Do you think you’d be okay to hold the fort for another week?

No, “Hi, honey, how’s your goddamn day?” just that bullshit. Yeah, I’m already that partner, but fuck him. I deserve a little fucking respect.

Me

Stay away forever. No one cares.

Except that all evidence pointed to the contrary, and he knew it.

Trav

I thought you needed space, kid?

Kid.Trav’s way of putting a barrier between us. I’m so glad he’s doing that. Did that mean we were off? I didn’t know, but it was nice of him to fucking tell me.

Me

Have a great trip

I’d said instead of getting into another fight over text.

The hardest part through that was not knowing where we stood, and I wasn’t going to make the first move again. It was his turn. When he returned, I forgave him way too fucking easily forthe kid comment, but I’m learning that when Trav touches me, I’m putty.

I’d heard his bike pull into the parking lot. That was enough to have the butterflies in my stomach doing backflips. He strode into the bar’s lounge. I was in the middle of well stock, but so help me, as much as I wanted to ignore him, I couldn’t.

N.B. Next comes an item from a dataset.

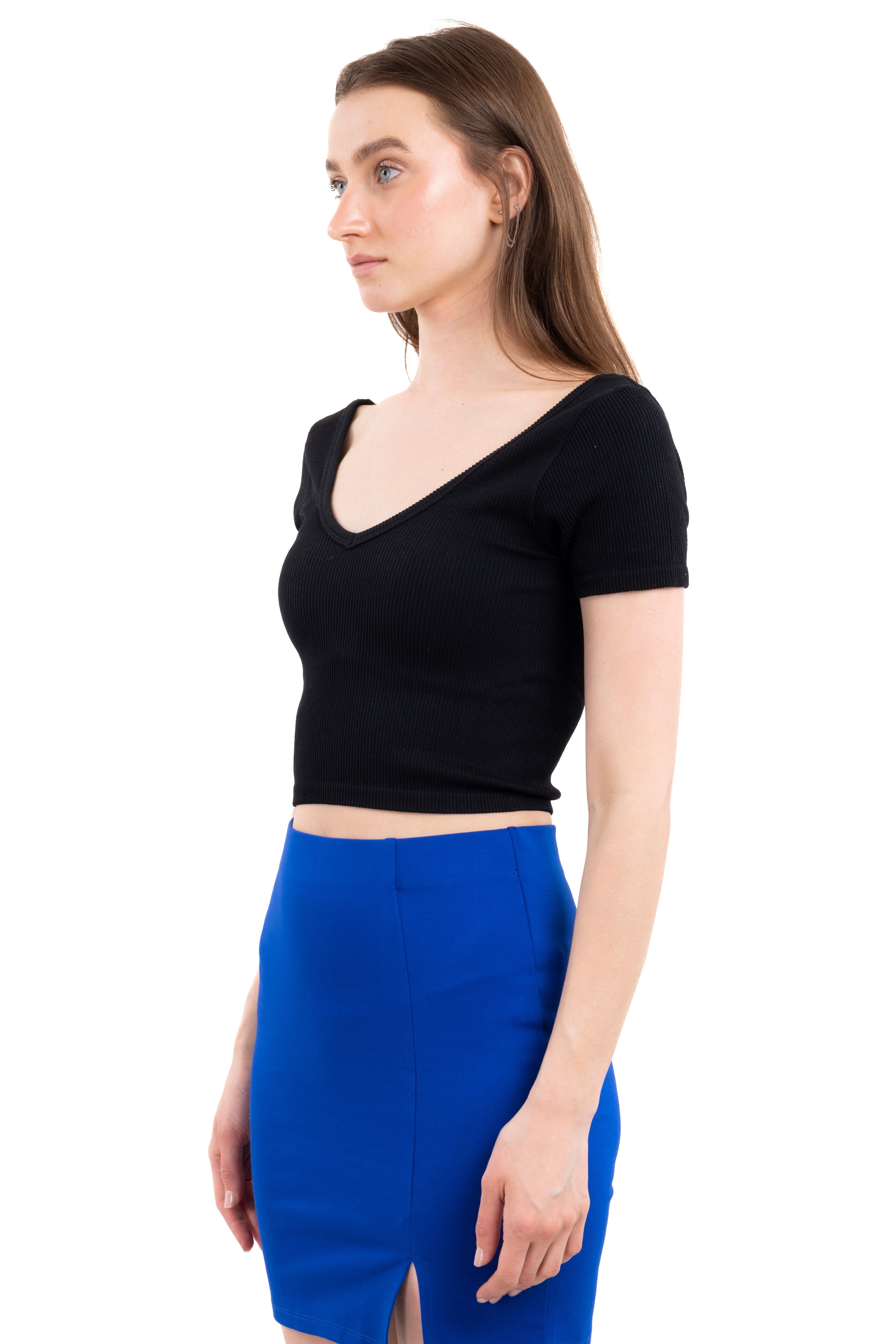 Top acanalado cuello v sold by Shasa product image thumbnail 3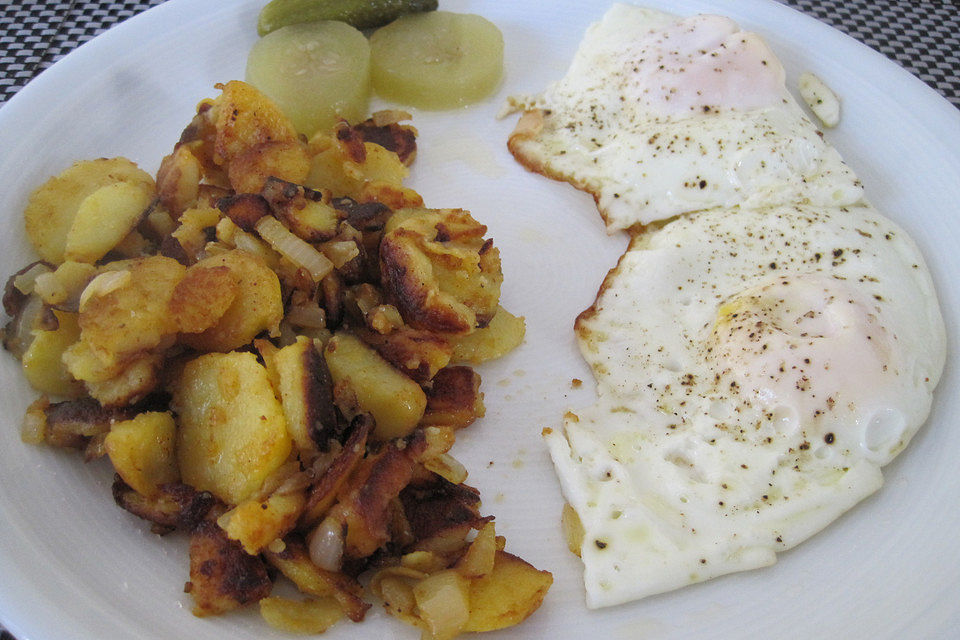 Bratkartoffeln mit Rühr- oder Spiegelei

Dash was there, wiping down some tables, and therefore the only thing stopping me from running to Trav. Dash got to do what I wanted to, encasing the still leather-clad man in a bone-gripping hug. Dash gets a bit squirrely and clingy when his dad’s away. Yeah, Dash has Stacey, but he doesn’t have Stacey in the way he’d like to have him. I suspect things would be different if he did.

I let them have their moment, enjoying the relief that was visibly filling my best friend, but also admiring Trav. Cause, holy fuck, him in all that leather made my heart race and my cock raging hard. But at the same time my heart raced, it cried. God, I’d missed him. Had he missed me at all? Or had he managed to permanently sequester me into some kind of “his kid’s friend” category?

“Stace is taking me out,” Dash said, “but I was hoping we could catch up later? You could report back about your new girlfriend … or boyfriend.”

Not gonna lie, I was pissed when I heard that. I didn’t know at the time Dash was being optimistic, and I assumed they’d talked about it. My heart broke in half, and it was also the moment I knew that, yes, I’d lie for Trav. I’d tell a hundred lies to be with him.

Fuck it. I’d sell my soul to be with him. That one moment, feeling what it felt like if he moved on was utter agony.